From the line containing "IronAsgard: Follada a" down to the last line of the entries, print each line exactly and leave the pictures out.

::: Materials provided :::

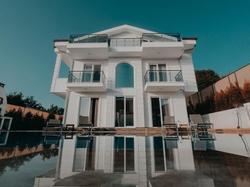 Villa Leila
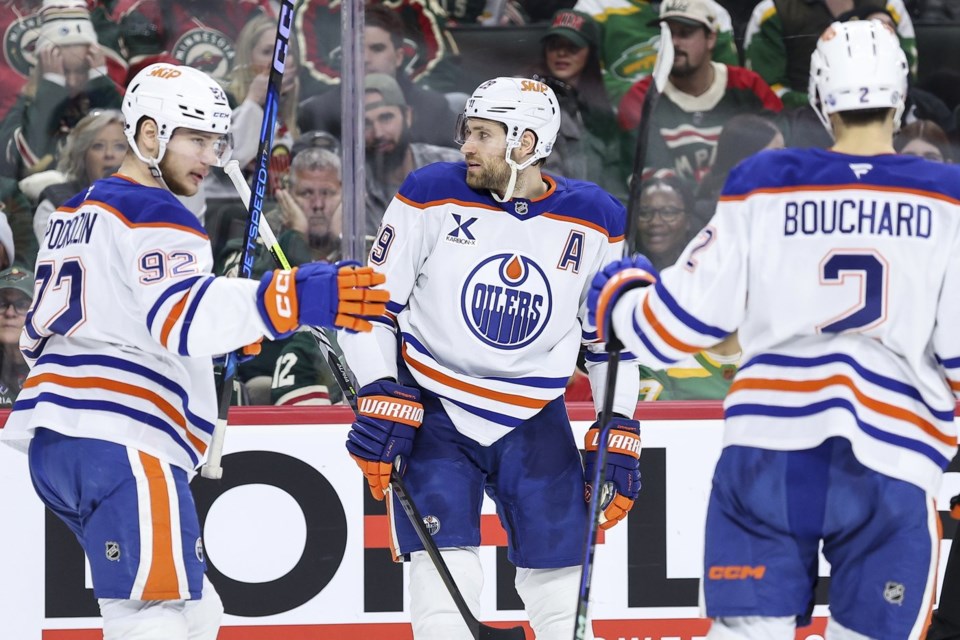 Leon Draisaitl Shines as Oilers Extend Streak, NHL Action Highlights Key Performances Across the League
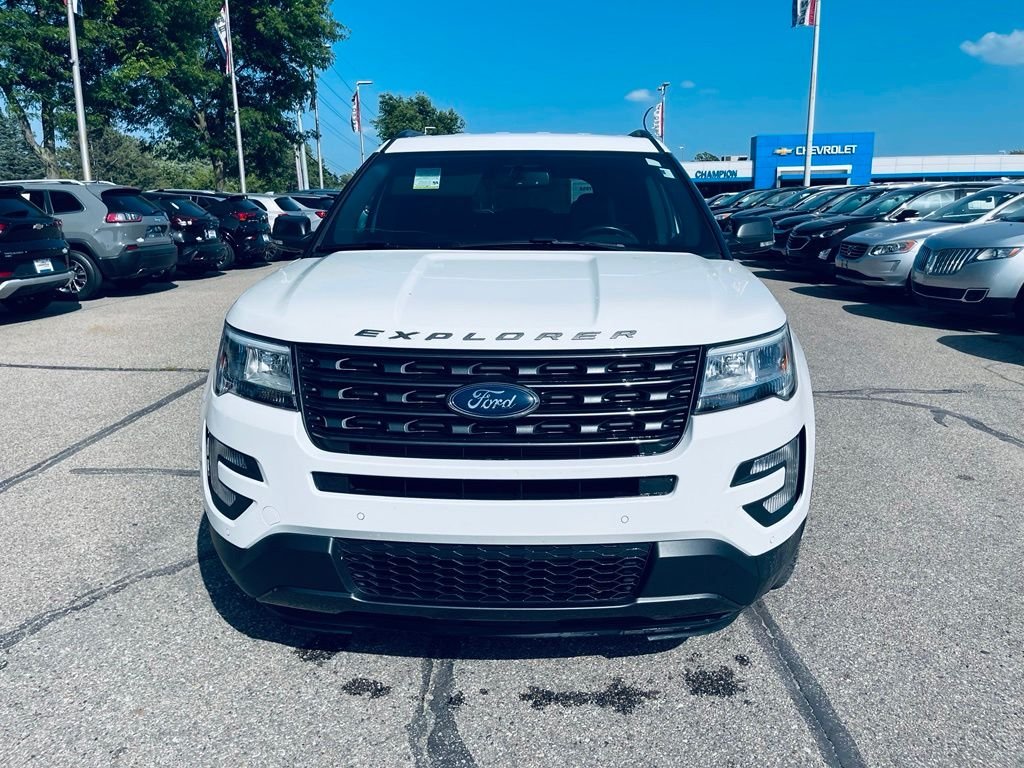 Used 2017 White Ford XLT image 10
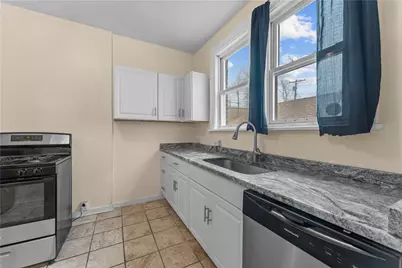 903 Adelaide St, Pittsburgh, PA 15219 - Photo 12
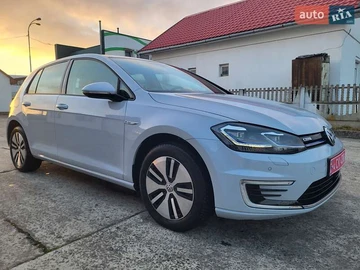 Авто Volkswagen E-Golf 2018 № 8304627
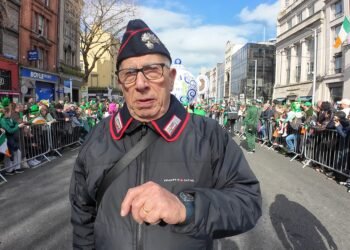 Carlo Salvadori durante la parata in Westmoreland Street, nel cuore di Dublino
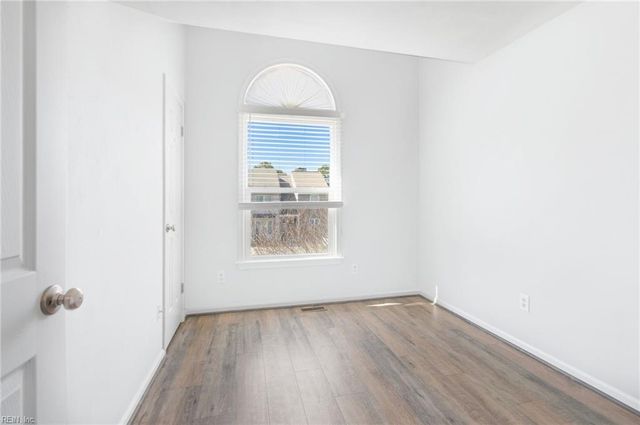 517 Long PT, Chesapeake, VA 23322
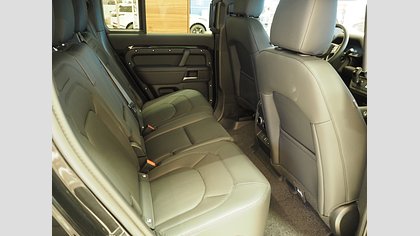Defender 130 11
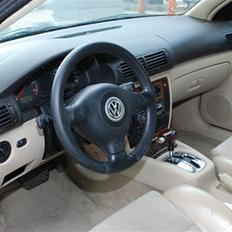 VW Passat 2,8 V6 SOLGT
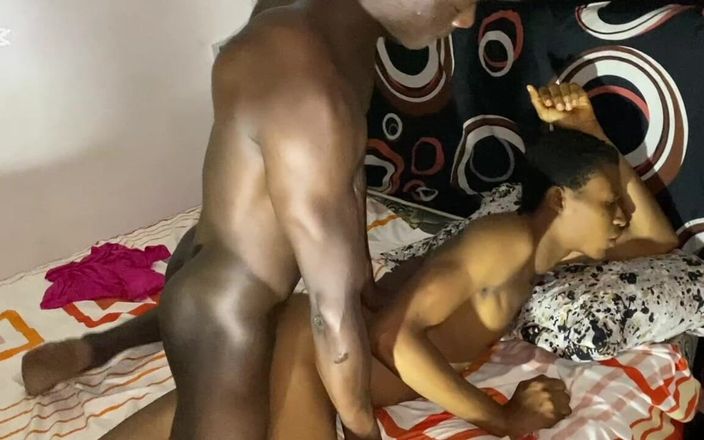 IronAsgard: Follada a mi estudiante enamorado tan caliente
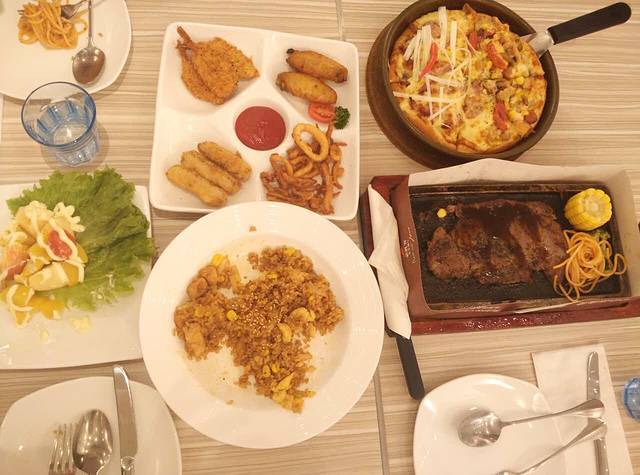 必胜客(石河子店)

:::

> [Exercise solution]
 IronAsgard: Follada a mi estudiante enamorado tan caliente
 必胜客(石河子店)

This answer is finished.